2. I don’t see why the President’s tax returns from 12 years ago has any genuine relevance to anything now. The returns were relevant to the decision of whether or not people wanted to vote for him. Now, the tax documents have no purpose, except for the insatiable Trump-bashers to have something new to bash him with. Anything will do.
3. David Cay Johnston was dishing about his “scoop” with GMA’s George Stephanopoulos, and decided to start a new rumor. He speculated that Trump leaked the return himself.

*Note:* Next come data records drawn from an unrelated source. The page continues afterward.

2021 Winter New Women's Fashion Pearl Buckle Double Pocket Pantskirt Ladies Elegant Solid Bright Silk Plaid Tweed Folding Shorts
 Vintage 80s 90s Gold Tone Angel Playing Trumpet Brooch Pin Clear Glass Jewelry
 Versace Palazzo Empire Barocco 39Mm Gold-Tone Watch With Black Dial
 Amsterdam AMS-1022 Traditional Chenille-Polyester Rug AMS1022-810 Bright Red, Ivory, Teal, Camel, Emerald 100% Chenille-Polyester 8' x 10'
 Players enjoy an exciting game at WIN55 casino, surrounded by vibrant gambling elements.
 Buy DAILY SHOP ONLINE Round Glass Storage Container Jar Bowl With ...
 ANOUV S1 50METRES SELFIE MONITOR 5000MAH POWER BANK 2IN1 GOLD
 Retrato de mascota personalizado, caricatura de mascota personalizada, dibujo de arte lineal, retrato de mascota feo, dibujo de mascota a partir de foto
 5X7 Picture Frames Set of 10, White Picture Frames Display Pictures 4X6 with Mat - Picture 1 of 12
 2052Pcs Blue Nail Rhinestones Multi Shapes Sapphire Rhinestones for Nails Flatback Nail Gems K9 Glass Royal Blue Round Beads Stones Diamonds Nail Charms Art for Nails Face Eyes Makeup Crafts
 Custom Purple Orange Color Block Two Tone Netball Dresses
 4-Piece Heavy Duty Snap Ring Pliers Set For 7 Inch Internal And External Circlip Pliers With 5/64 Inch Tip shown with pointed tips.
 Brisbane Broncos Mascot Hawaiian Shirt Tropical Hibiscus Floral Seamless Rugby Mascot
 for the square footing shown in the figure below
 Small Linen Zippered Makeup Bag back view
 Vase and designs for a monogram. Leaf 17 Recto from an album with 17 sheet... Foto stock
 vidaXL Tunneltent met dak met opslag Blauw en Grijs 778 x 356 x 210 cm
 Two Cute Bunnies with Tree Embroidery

No evidence, not a drop, and yet that’s what this veteran reporter felt was justifiable to say on national TV. Gee, can we call THAT fake news?
4. Then, as he did with Maddow, the reporter went on about all the conflicts of interest that Trump’s financial dealings have created. Again, this is re-litigating the election. At this point, there is no practical way to eliminate Trump’s conflicts and the appearance of impropriety that they create, and he’s not going to bother trying. Johnston, and others, including me, never made a clear case to the public why the President’s unprecedented financial entanglements should have been disqualifying; nor did Hillary, in part because her own financial entanglements were disqualifying. Well, the train left the station, y’all. You had your chance, and botched it. Johnston, like so many of the other bitter-enders who want to turn back time, ultimately get back to, “But…but…but…we never should have elected this guy! Surely there is something we can do to undo it!”